■ RECORDS PROVIDED:
-=-=-

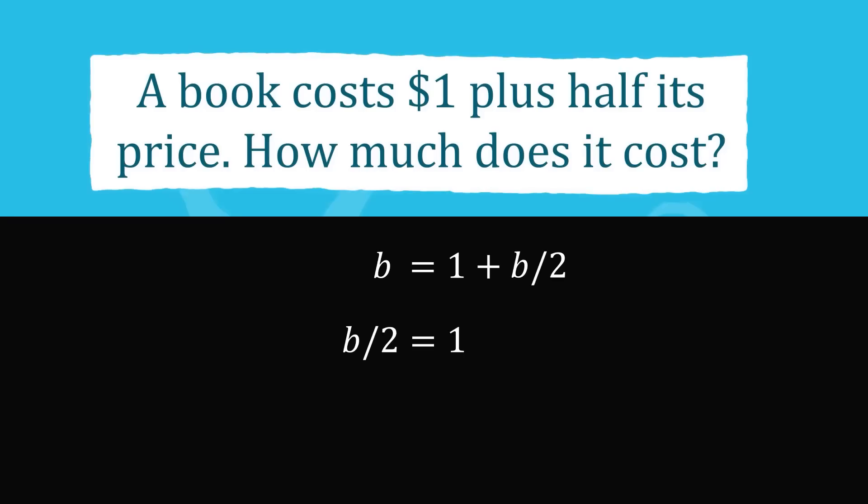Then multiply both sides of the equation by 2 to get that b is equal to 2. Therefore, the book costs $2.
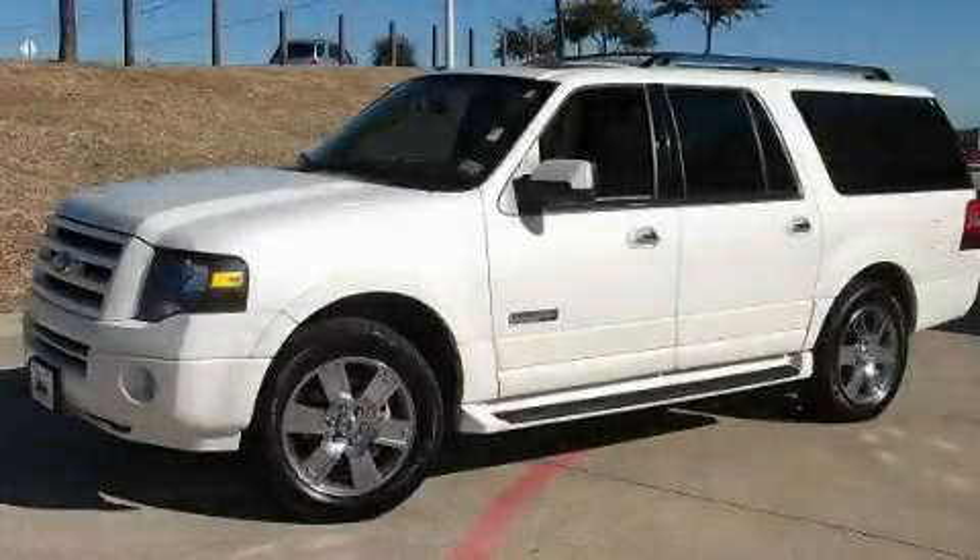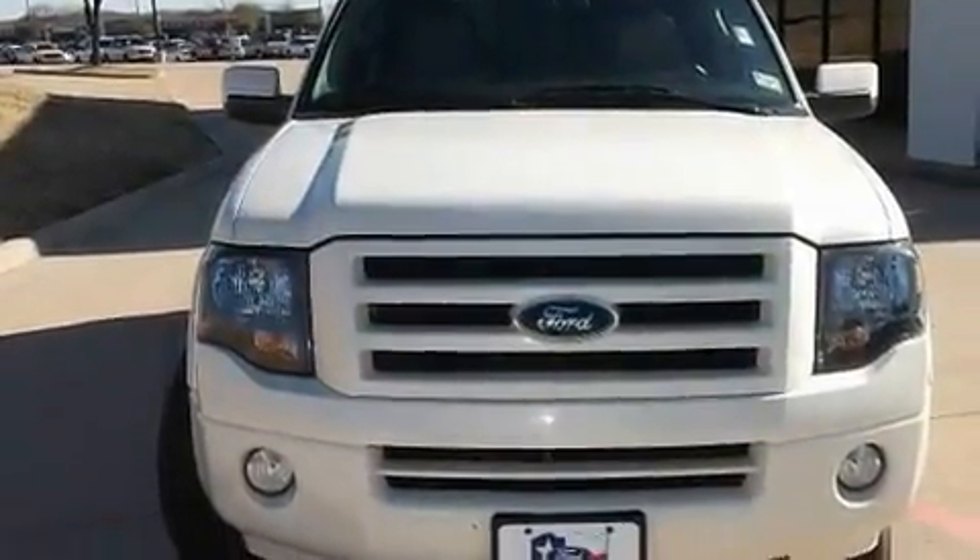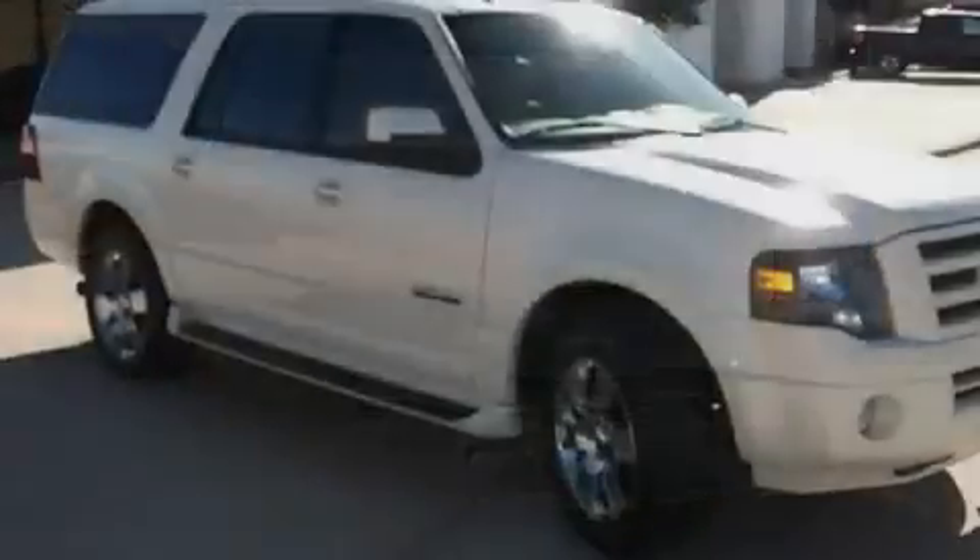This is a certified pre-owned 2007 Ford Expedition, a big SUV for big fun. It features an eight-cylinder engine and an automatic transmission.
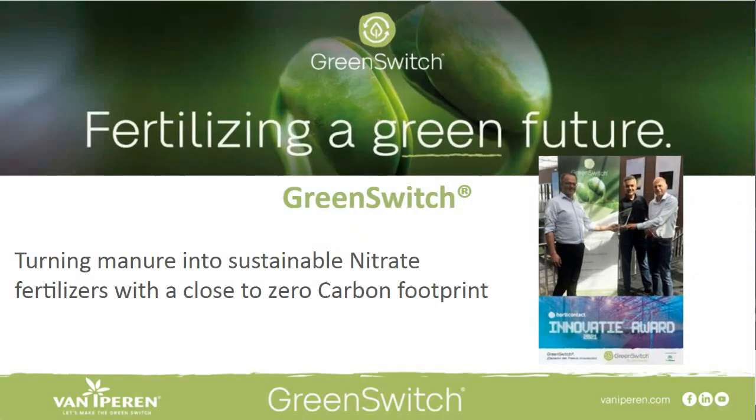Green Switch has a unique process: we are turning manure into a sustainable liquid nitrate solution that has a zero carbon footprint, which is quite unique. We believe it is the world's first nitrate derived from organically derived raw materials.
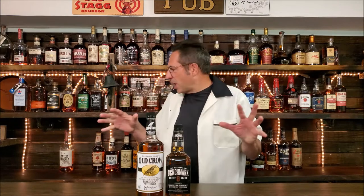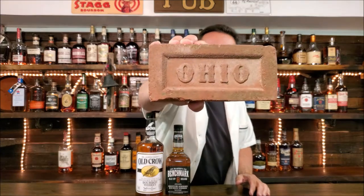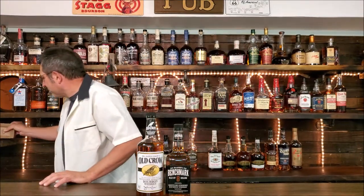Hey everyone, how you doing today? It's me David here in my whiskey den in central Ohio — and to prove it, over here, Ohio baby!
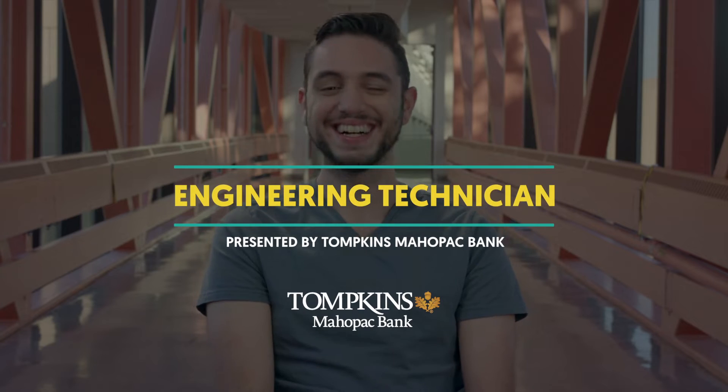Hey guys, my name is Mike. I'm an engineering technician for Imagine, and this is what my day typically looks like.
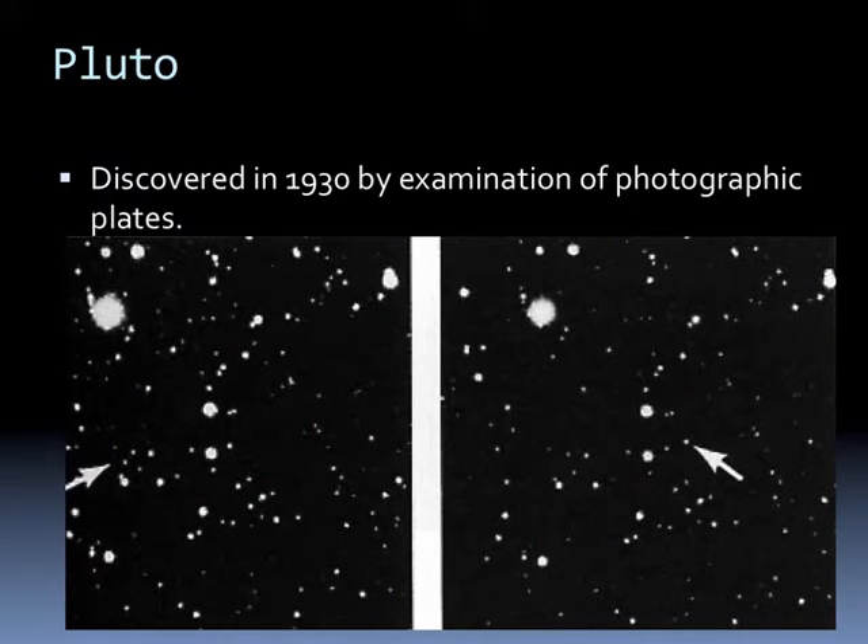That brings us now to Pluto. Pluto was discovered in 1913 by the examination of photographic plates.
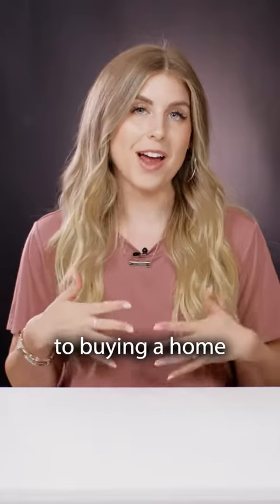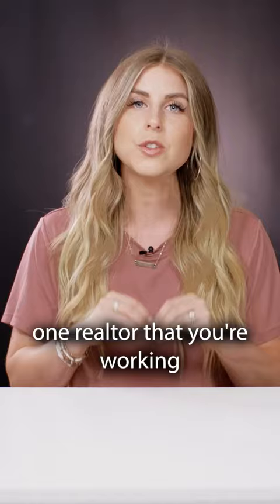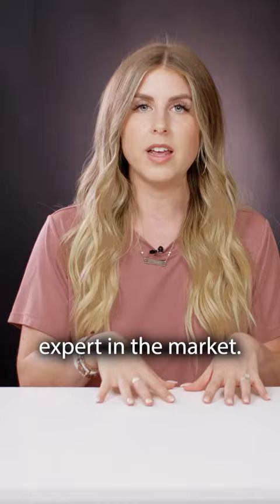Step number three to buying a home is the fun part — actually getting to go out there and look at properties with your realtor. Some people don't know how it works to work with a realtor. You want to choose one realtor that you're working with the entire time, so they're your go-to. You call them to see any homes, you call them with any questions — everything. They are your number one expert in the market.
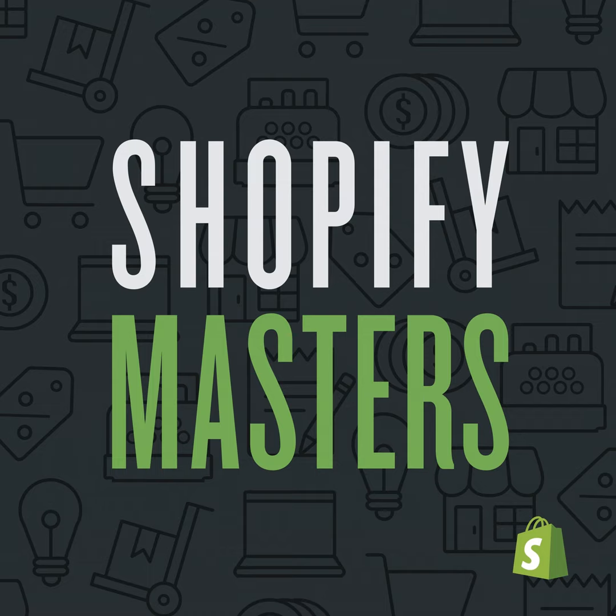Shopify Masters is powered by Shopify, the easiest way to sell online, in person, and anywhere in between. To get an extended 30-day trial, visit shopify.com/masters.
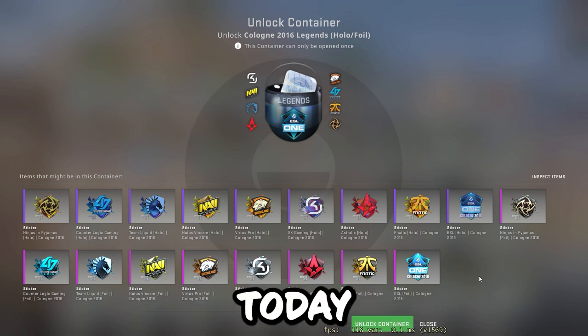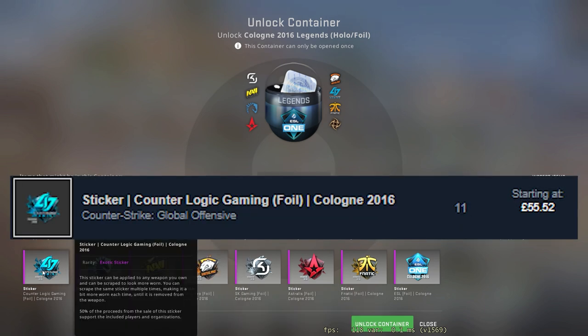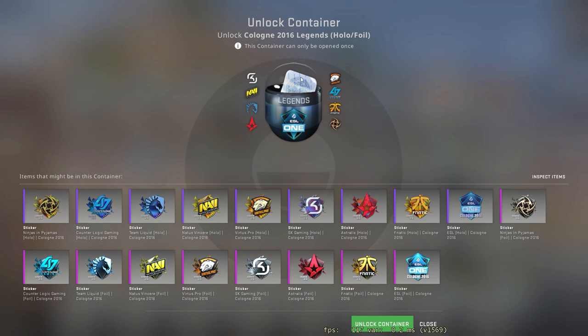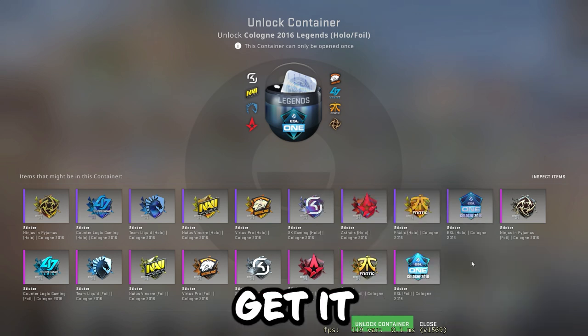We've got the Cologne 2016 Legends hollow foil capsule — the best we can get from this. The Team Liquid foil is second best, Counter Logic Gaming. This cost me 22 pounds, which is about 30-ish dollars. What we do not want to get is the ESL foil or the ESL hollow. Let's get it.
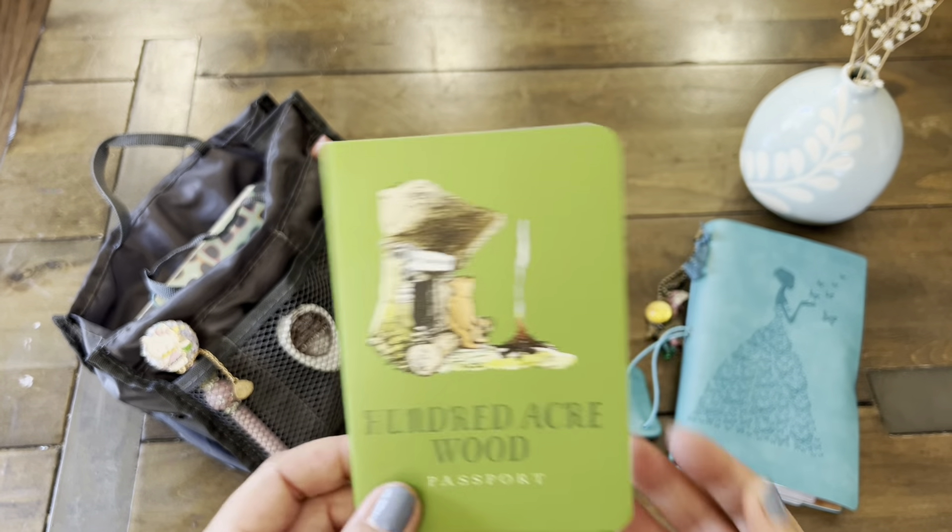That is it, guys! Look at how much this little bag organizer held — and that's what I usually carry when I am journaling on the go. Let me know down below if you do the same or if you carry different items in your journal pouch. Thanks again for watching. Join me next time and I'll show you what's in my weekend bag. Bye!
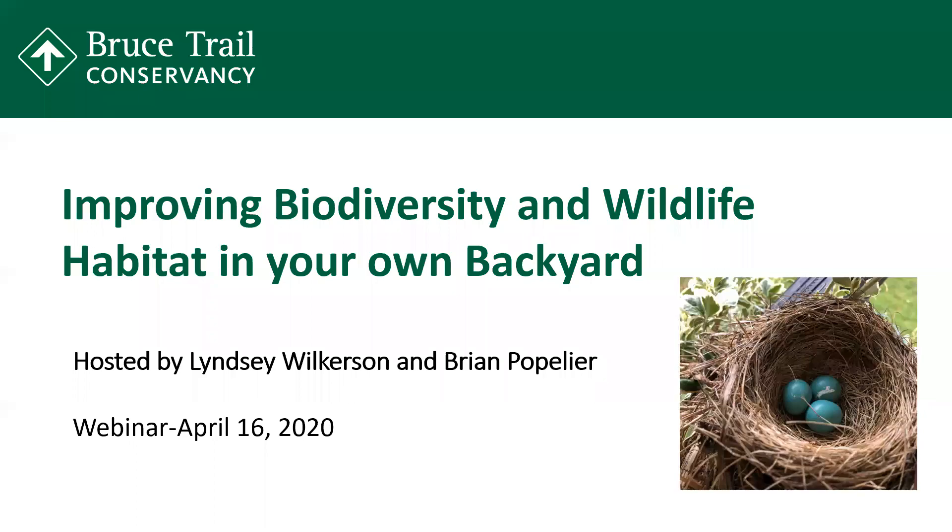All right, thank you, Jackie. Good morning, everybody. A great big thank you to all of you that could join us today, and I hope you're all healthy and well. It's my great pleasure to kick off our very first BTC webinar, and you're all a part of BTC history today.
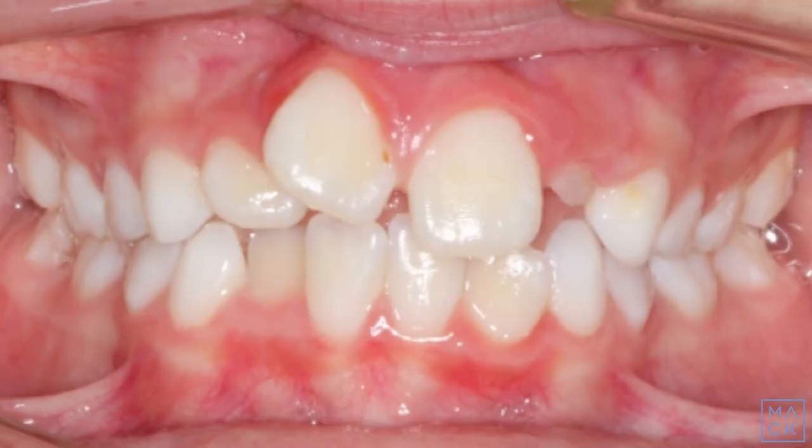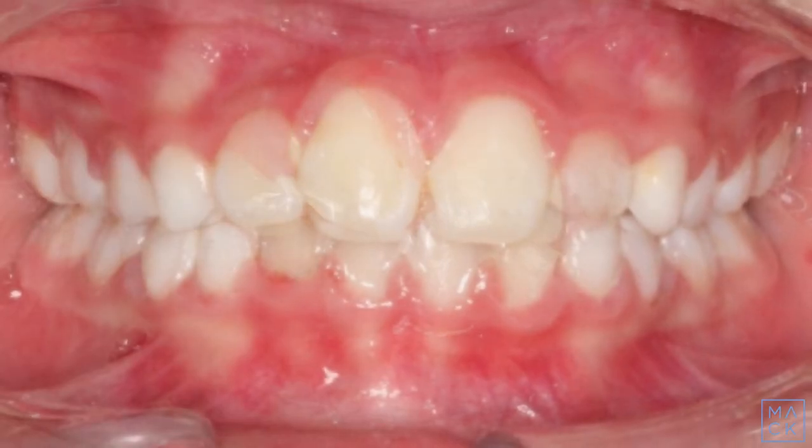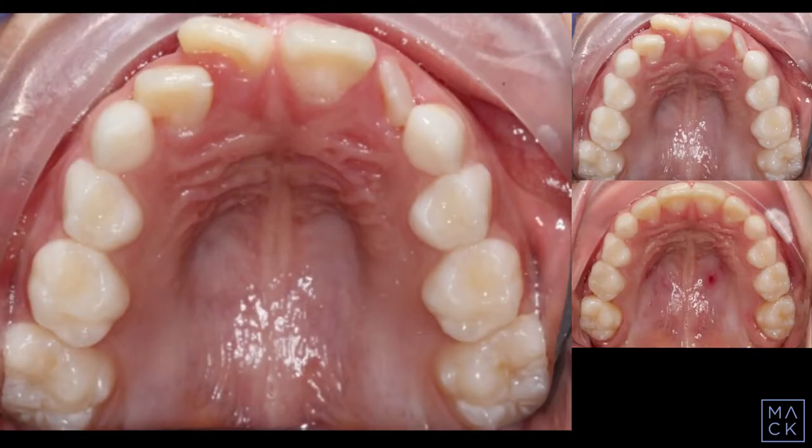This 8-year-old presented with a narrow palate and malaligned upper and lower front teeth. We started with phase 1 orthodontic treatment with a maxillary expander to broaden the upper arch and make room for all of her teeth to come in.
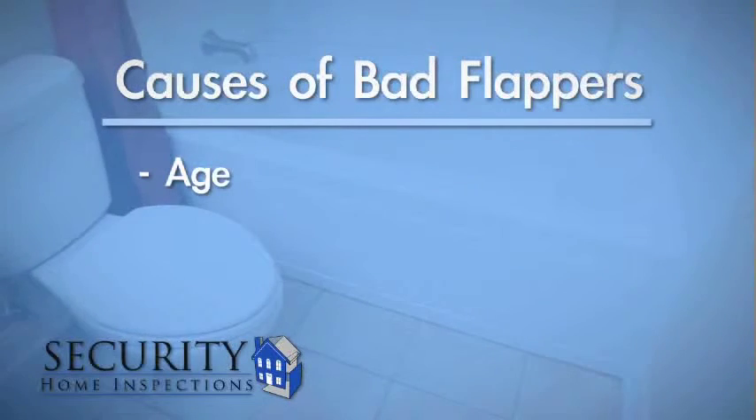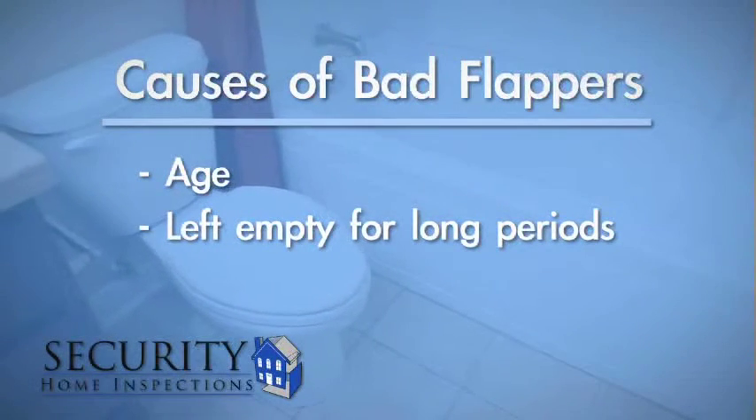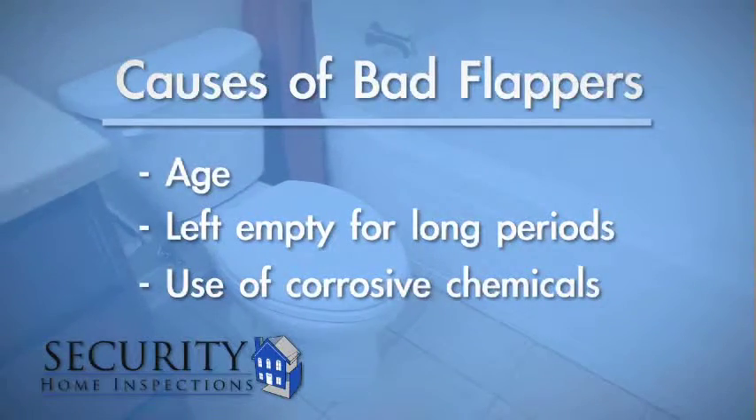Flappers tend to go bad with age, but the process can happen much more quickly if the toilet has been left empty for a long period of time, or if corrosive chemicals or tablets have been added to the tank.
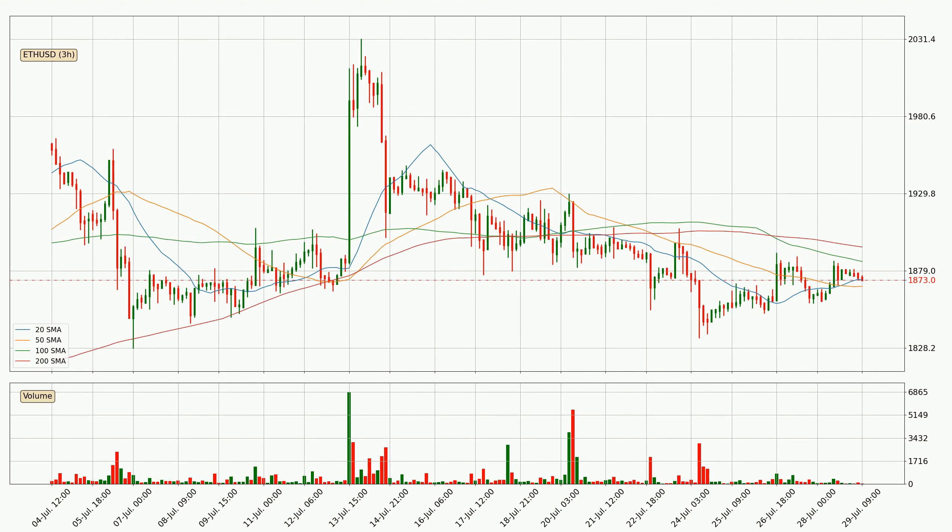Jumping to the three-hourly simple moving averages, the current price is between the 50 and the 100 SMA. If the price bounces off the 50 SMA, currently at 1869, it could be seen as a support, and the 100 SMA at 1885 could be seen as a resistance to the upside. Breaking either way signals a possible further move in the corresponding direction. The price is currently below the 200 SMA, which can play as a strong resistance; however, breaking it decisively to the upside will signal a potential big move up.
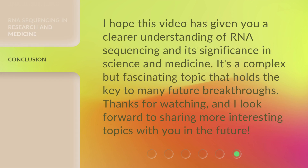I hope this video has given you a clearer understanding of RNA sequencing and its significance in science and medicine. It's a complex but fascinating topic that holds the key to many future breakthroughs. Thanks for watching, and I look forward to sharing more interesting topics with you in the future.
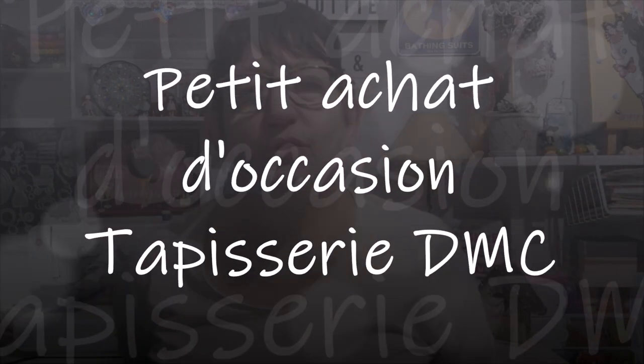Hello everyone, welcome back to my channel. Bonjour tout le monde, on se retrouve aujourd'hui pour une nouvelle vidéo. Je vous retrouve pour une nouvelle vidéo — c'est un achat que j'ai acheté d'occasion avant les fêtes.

-=-=-

■ AIM OF THE EXERCISE: Transcribe the whole listing exactly but exclude images.

■ OUTPUT:
Then multiply both sides of the equation by 2 to get that b is equal to 2. Therefore, the book costs $2.
This is a certified pre-owned 2007 Ford Expedition, a big SUV for big fun. It features an eight-cylinder engine and an automatic transmission.
Green Switch has a unique process: we are turning manure into a sustainable liquid nitrate solution that has a zero carbon footprint, which is quite unique. We believe it is the world's first nitrate derived from organically derived raw materials.
Hey everyone, how you doing today? It's me David here in my whiskey den in central Ohio — and to prove it, over here, Ohio baby!
Hey guys, my name is Mike. I'm an engineering technician for Imagine, and this is what my day typically looks like.
That brings us now to Pluto. Pluto was discovered in 1913 by the examination of photographic plates.
Step number three to buying a home is the fun part — actually getting to go out there and look at properties with your realtor. Some people don't know how it works to work with a realtor. You want to choose one realtor that you're working with the entire time, so they're your go-to. You call them to see any homes, you call them with any questions — everything. They are your number one expert in the market.
Shopify Masters is powered by Shopify, the easiest way to sell online, in person, and anywhere in between. To get an extended 30-day trial, visit shopify.com/masters.
We've got the Cologne 2016 Legends hollow foil capsule — the best we can get from this. The Team Liquid foil is second best, Counter Logic Gaming. This cost me 22 pounds, which is about 30-ish dollars. What we do not want to get is the ESL foil or the ESL hollow. Let's get it.
That is it, guys! Look at how much this little bag organizer held — and that's what I usually carry when I am journaling on the go. Let me know down below if you do the same or if you carry different items in your journal pouch. Thanks again for watching. Join me next time and I'll show you what's in my weekend bag. Bye!
All right, thank you, Jackie. Good morning, everybody. A great big thank you to all of you that could join us today, and I hope you're all healthy and well. It's my great pleasure to kick off our very first BTC webinar, and you're all a part of BTC history today.
This 8-year-old presented with a narrow palate and malaligned upper and lower front teeth. We started with phase 1 orthodontic treatment with a maxillary expander to broaden the upper arch and make room for all of her teeth to come in.
Flappers tend to go bad with age, but the process can happen much more quickly if the toilet has been left empty for a long period of time, or if corrosive chemicals or tablets have been added to the tank.
Jumping to the three-hourly simple moving averages, the current price is between the 50 and the 100 SMA. If the price bounces off the 50 SMA, currently at 1869, it could be seen as a support, and the 100 SMA at 1885 could be seen as a resistance to the upside. Breaking either way signals a possible further move in the corresponding direction. The price is currently below the 200 SMA, which can play as a strong resistance; however, breaking it decisively to the upside will signal a potential big move up.
I hope this video has given you a clearer understanding of RNA sequencing and its significance in science and medicine. It's a complex but fascinating topic that holds the key to many future breakthroughs. Thanks for watching, and I look forward to sharing more interesting topics with you in the future.
Hello everyone, welcome back to my channel. Bonjour tout le monde, on se retrouve aujourd'hui pour une nouvelle vidéo. Je vous retrouve pour une nouvelle vidéo — c'est un achat que j'ai acheté d'occasion avant les fêtes.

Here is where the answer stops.